For the listing below, the answer is an exact retyping of the lines from the one with "Aphrodite's Child Rain" through the one with "2020 Jeep Grand Cherokee Limited 4x4", both included, without pictures.

=== Task material ===

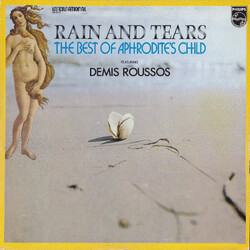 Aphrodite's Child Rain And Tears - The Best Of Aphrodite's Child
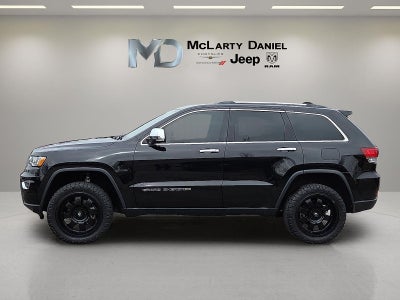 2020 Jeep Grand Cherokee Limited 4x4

===
=== Task material ===

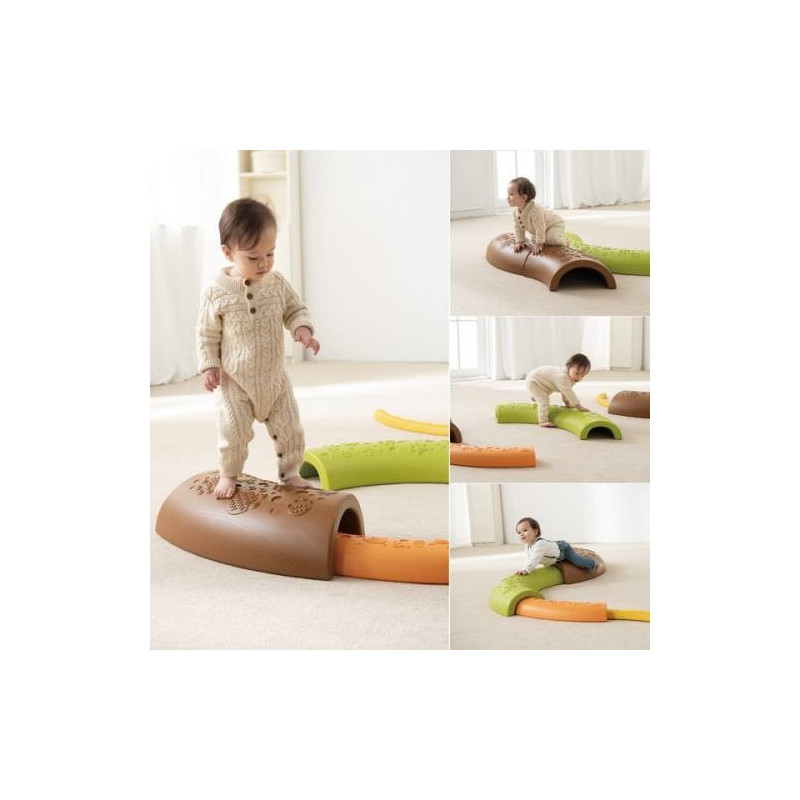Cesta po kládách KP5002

===

[Solution]
 Aphrodite's Child Rain And Tears - The Best Of Aphrodite's Child
 2020 Jeep Grand Cherokee Limited 4x4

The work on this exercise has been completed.